[Records from a data source]
★ ★ ★
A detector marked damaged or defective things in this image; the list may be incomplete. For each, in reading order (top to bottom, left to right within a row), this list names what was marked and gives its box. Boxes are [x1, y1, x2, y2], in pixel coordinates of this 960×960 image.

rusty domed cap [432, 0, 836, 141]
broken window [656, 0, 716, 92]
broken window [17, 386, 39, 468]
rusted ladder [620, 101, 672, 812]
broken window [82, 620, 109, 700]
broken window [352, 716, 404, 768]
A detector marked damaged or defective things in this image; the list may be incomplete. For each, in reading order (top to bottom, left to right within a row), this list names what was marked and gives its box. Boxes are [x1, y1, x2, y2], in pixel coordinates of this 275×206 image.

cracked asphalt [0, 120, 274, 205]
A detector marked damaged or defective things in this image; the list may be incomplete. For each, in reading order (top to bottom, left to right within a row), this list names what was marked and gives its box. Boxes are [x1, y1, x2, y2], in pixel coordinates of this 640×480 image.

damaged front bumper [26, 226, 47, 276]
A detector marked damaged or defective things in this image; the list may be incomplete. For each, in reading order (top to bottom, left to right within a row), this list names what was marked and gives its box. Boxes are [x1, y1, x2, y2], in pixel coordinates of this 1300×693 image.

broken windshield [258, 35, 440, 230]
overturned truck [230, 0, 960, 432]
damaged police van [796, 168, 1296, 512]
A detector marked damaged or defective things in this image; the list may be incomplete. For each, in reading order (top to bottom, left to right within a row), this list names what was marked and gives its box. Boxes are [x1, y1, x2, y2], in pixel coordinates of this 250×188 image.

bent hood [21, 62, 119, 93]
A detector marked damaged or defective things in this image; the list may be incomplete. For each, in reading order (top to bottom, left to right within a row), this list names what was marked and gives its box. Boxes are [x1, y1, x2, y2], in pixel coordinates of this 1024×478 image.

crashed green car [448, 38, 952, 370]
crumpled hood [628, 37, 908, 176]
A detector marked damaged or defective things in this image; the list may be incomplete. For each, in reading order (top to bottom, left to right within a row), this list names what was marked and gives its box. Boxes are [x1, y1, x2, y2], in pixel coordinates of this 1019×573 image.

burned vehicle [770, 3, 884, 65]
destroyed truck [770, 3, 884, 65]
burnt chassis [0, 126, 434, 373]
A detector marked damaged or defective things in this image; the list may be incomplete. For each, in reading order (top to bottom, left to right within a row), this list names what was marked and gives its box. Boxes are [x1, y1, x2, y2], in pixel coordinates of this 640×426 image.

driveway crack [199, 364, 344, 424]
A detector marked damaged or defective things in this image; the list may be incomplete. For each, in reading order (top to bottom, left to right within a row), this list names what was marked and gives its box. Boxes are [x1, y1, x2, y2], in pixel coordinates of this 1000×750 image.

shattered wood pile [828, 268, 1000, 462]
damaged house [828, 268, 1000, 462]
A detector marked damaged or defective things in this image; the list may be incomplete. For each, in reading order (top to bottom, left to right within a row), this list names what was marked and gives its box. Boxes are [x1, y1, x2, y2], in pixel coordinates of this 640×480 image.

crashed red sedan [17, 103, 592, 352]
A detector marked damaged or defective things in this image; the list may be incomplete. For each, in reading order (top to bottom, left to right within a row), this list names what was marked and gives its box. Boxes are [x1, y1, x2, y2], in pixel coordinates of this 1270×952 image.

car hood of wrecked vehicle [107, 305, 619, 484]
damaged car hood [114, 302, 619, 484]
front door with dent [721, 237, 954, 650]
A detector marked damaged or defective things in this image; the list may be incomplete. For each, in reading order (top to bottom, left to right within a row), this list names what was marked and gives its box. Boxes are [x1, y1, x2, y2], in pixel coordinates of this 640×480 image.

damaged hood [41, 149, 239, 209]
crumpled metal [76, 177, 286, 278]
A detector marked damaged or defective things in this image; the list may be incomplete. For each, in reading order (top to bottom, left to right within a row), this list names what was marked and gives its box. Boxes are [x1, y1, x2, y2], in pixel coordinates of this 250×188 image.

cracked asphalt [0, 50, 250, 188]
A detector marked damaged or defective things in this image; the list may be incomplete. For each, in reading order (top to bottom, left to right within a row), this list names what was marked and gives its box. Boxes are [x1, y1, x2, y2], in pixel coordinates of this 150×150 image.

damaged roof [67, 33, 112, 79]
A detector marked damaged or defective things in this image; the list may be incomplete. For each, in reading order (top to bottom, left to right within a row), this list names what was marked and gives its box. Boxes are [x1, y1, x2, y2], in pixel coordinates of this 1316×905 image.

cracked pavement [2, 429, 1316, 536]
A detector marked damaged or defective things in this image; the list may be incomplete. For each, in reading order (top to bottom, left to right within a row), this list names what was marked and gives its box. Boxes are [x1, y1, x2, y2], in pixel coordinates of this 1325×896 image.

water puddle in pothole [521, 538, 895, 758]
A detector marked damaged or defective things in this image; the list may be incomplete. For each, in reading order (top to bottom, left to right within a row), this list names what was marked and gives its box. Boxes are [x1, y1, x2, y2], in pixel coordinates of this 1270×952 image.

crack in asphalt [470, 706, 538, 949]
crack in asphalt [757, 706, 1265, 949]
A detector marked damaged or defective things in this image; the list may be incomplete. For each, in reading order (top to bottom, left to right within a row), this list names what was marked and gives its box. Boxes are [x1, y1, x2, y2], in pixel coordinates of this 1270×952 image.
★ ★ ★
WHAT TO WORK ON: Reproduce exactly the line bearing "this 150×150 image." and all the lines that come after it in the records above; add nothing.

RESULT OF THIS TASK:
A detector marked damaged or defective things in this image; the list may be incomplete. For each, in reading order (top to bottom, left to right within a row), this list names what was marked and gives its box. Boxes are [x1, y1, x2, y2], in pixel coordinates of this 150×150 image.

damaged roof [67, 33, 112, 79]
A detector marked damaged or defective things in this image; the list may be incomplete. For each, in reading order (top to bottom, left to right within a row), this list names what was marked and gives its box. Boxes are [x1, y1, x2, y2], in pixel coordinates of this 1316×905 image.

cracked pavement [2, 429, 1316, 536]
A detector marked damaged or defective things in this image; the list may be incomplete. For each, in reading order (top to bottom, left to right within a row), this list names what was marked and gives its box. Boxes are [x1, y1, x2, y2], in pixel coordinates of this 1325×896 image.

water puddle in pothole [521, 538, 895, 758]
A detector marked damaged or defective things in this image; the list may be incomplete. For each, in reading order (top to bottom, left to right within a row), this list names what was marked and gives its box. Boxes are [x1, y1, x2, y2], in pixel coordinates of this 1270×952 image.

crack in asphalt [470, 706, 538, 949]
crack in asphalt [757, 706, 1265, 949]
A detector marked damaged or defective things in this image; the list may be incomplete. For each, in reading order (top to bottom, left to right within a row), this list names what was marked and gives its box. Boxes are [x1, y1, x2, y2], in pixel coordinates of this 1270×952 image.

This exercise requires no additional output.